Movie fans in Japan are accustomed to waiting months, sometimes years, for new releases to make it over here. It doesn’t normally take four decades. Such was the case with Paul Schrader’s “Mishima: A Life in Four Chapters,” a 1985 biopic of one of Japan’s most celebrated, and certainly most controversial, writers.
“I guess I knew that this moment would come,” said Schrader, speaking to a packed auditorium at the movie’s Japan premiere at Tokyo International Film Festival (TIFF) in late October. “I just didn’t know whether I would be alive to see it.”
He certainly didn’t need to worry about pulling a crowd. “Mishima” garnered more buzz than anything else at this year’s festival. Tickets sold out in under 15 minutes. (In response to overwhelming demand, TIFF is organizing two additional screenings of the film this weekend.)
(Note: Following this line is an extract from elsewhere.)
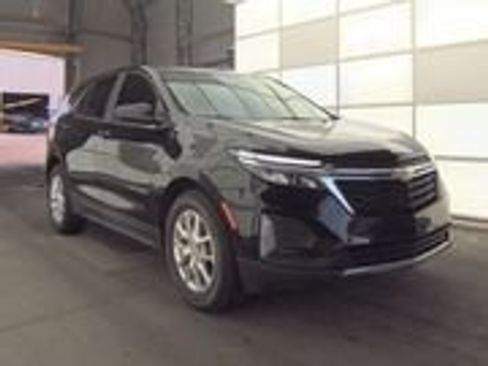 Used 2023 Chevrolet Equinox LT image 1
Forty years ago, Schrader’s film had been a wild outlier in the landscape of American cinema: a multilayered, visually dazzling biography interrogating the life, work and mythos of a figure still unfamiliar to many Western viewers, shot entirely in Japanese at Toho Studios in Tokyo.
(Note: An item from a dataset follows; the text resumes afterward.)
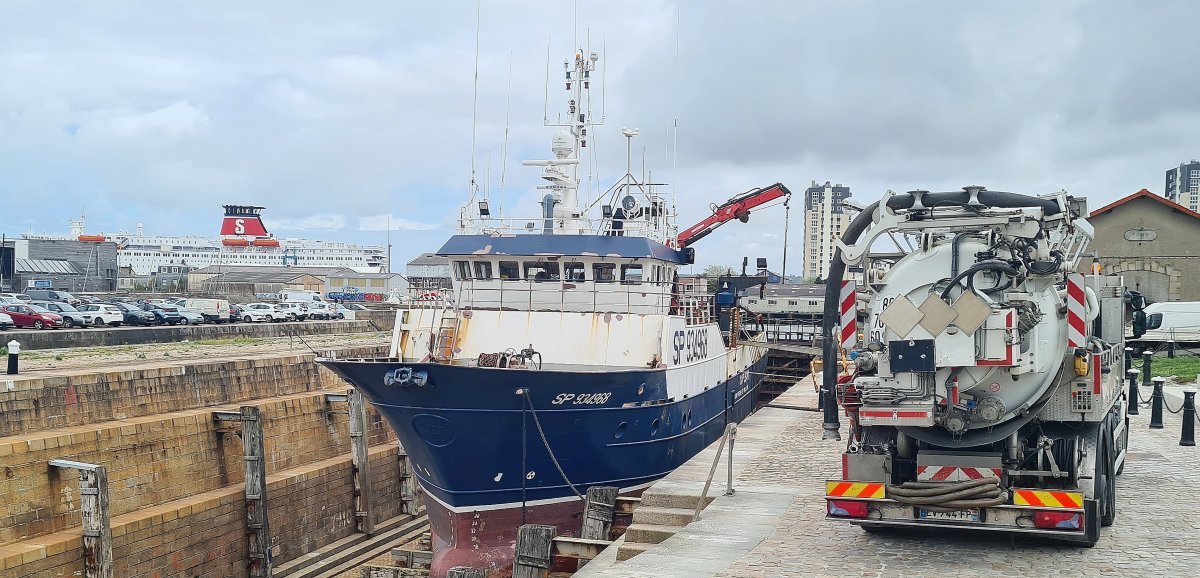 Cherbourg. Des travaux menés sur un bateau de Saint-Pierre-et-Miquelon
It was all the more remarkable for being made at a time when Japan was still reckoning with the messy legacy of the film’s subject. Yukio Mishima was a flamboyant, cosmopolitan bisexual and one-time contender for the Nobel Prize in Literature. He was also an ultranationalist ideologue who died by ritual suicide in 1970, after trying to stage a coup at a military base in Tokyo.